L'affaire FTX a récemment démontré les problèmes causés par le flou juridique sur cette question, nombre de personnes qui avaient placé leur argent sur la plateforme ayant aujourd'hui très peu de chances d'en revoir un jour la couleur.
Un marché de plus en plus régulé
Le marché des cryptomonnaies a beau connaître des temps difficiles, la mise en place de régulations visant à mieux l'encadrer et à permettre ainsi son essor s'accélère partout dans le monde. Dans l'Union européenne, le règlement MiCA doit entrer en vigueur en janvier 2024, même si face à l'affaire FTX, des voix, dont celle de la présidente de la BCE, Christine Lagarde, s'élèvent déjà pour demander un « MICA II » qui proposerait un niveau d'encadrement et de régulations accru par rapport à la version actuelle du texte.

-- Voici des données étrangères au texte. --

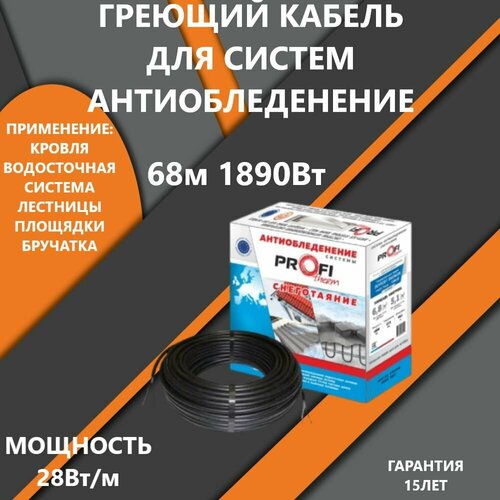 Греющий Кабель Profi Therm DEFROST SNOW для систем Антиобледенения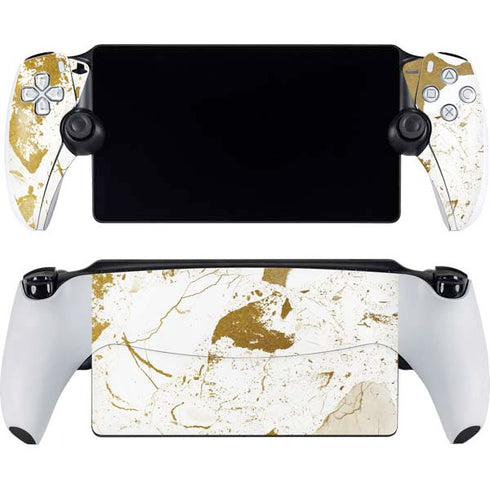 White Scattered Marble PlayStation Portal Remote Player Skin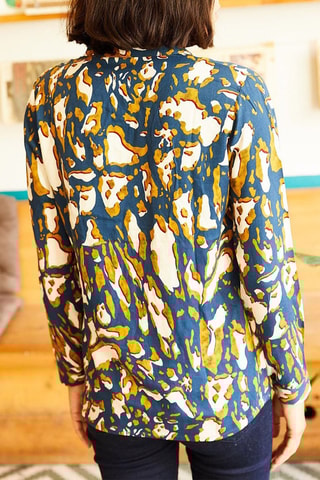 Blouse Blauw en Geel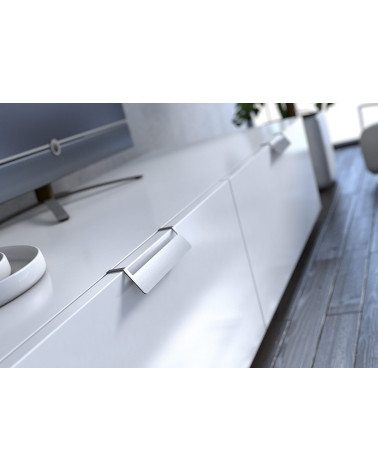 Maniglia per mobile acciaio inossidabile PRATO-2 maniglia design montata su un mobile da cucina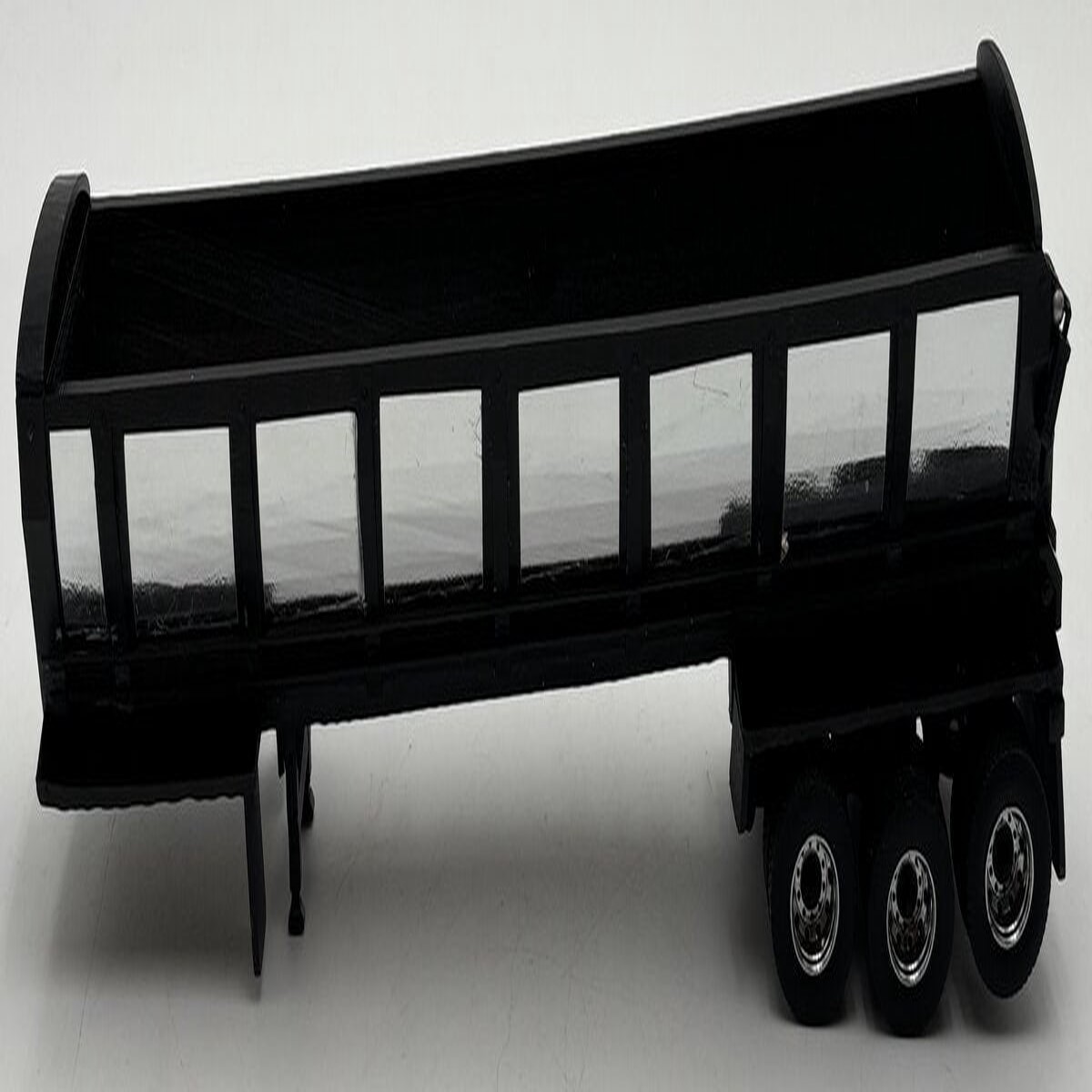 Unknown Manufacturer Models 1:50 Black Trout River 3 Axle Trailer EX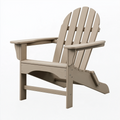 Fauteuil Adirondack 83 x 79 x 97 cm en bois taupe pour extérieur inclinable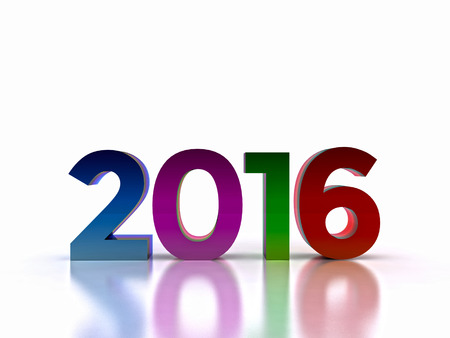 3D illustration - we celebrate the New Year 2016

Aux États-Unis, plusieurs propositions de loi sont également en compétition pour encadrer le marché. Avec un Congrès divisé entre républicains et démocrates, la mise en place d'un cadre législatif autour des cryptomonnaies pourrait bien constituer l'un des rares sujets bipartisans permettant à l'administration Biden de faire voter une loi significative lors des deux années qui lui restent avant les prochaines élections.
D'autres petits pays se sont également dotés de législations inspirantes, selon George Morris. « Abu Dhabi et Singapour ont tous deux adopté des législations s'inspirant des lois existantes autour de l'industrie financière, mais adaptées au fonctionnement spécifique du marché des cryptomonnaies. Des régulations pragmatiques qui font aujourd'hui figure de standards », note George Morris.
Si le marché a connu une année difficile, marquée par un décrochage du cours des principaux cryptoactifs, ainsi que par la chute du stable coin TerraUSD, puis celle, plus spectaculaire encore, de la plateforme FTX, les États semblent donc convaincus du potentiel à long terme de cette technologie et mettent les bouchées doubles pour réguler le marché et attirer les startups les plus prometteuses.